__Task details__: Copy out all of the material. Every line must match the original.

⟨

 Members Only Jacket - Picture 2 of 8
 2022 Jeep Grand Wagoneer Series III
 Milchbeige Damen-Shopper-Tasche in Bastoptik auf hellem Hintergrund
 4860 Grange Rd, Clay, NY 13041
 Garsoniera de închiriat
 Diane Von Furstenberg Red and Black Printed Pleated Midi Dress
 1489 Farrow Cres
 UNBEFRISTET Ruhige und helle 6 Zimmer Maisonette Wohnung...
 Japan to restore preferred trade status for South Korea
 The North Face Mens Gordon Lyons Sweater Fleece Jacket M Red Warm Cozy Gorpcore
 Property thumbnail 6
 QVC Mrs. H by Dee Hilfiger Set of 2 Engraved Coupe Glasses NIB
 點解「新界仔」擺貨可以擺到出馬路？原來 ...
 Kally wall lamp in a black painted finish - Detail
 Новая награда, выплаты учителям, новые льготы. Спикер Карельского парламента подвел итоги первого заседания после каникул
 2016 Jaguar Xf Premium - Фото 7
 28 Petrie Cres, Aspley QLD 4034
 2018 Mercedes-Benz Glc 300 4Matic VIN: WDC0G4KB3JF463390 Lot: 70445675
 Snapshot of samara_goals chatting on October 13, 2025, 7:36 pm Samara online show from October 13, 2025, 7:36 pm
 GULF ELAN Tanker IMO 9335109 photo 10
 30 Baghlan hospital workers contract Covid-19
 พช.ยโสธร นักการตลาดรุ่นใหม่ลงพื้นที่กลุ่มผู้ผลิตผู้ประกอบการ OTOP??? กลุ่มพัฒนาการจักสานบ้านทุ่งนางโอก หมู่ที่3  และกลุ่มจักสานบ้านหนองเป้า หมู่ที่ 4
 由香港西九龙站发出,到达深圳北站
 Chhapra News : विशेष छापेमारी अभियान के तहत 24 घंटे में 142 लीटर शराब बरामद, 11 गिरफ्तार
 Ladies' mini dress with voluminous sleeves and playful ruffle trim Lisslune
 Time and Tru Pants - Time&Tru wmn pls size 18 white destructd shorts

⟩

__Final answer__:
 Members Only Jacket - Picture 2 of 8
 2022 Jeep Grand Wagoneer Series III
 Milchbeige Damen-Shopper-Tasche in Bastoptik auf hellem Hintergrund
 4860 Grange Rd, Clay, NY 13041
 Garsoniera de închiriat
 Diane Von Furstenberg Red and Black Printed Pleated Midi Dress
 1489 Farrow Cres
 UNBEFRISTET Ruhige und helle 6 Zimmer Maisonette Wohnung...
 Japan to restore preferred trade status for South Korea
 The North Face Mens Gordon Lyons Sweater Fleece Jacket M Red Warm Cozy Gorpcore
 Property thumbnail 6
 QVC Mrs. H by Dee Hilfiger Set of 2 Engraved Coupe Glasses NIB
 點解「新界仔」擺貨可以擺到出馬路？原來 ...
 Kally wall lamp in a black painted finish - Detail
 Новая награда, выплаты учителям, новые льготы. Спикер Карельского парламента подвел итоги первого заседания после каникул
 2016 Jaguar Xf Premium - Фото 7
 28 Petrie Cres, Aspley QLD 4034
 2018 Mercedes-Benz Glc 300 4Matic VIN: WDC0G4KB3JF463390 Lot: 70445675
 Snapshot of samara_goals chatting on October 13, 2025, 7:36 pm Samara online show from October 13, 2025, 7:36 pm
 GULF ELAN Tanker IMO 9335109 photo 10
 30 Baghlan hospital workers contract Covid-19
 พช.ยโสธร นักการตลาดรุ่นใหม่ลงพื้นที่กลุ่มผู้ผลิตผู้ประกอบการ OTOP??? กลุ่มพัฒนาการจักสานบ้านทุ่งนางโอก หมู่ที่3  และกลุ่มจักสานบ้านหนองเป้า หมู่ที่ 4
 由香港西九龙站发出,到达深圳北站
 Chhapra News : विशेष छापेमारी अभियान के तहत 24 घंटे में 142 लीटर शराब बरामद, 11 गिरफ्तार
 Ladies' mini dress with voluminous sleeves and playful ruffle trim Lisslune
 Time and Tru Pants - Time&Tru wmn pls size 18 white destructd shorts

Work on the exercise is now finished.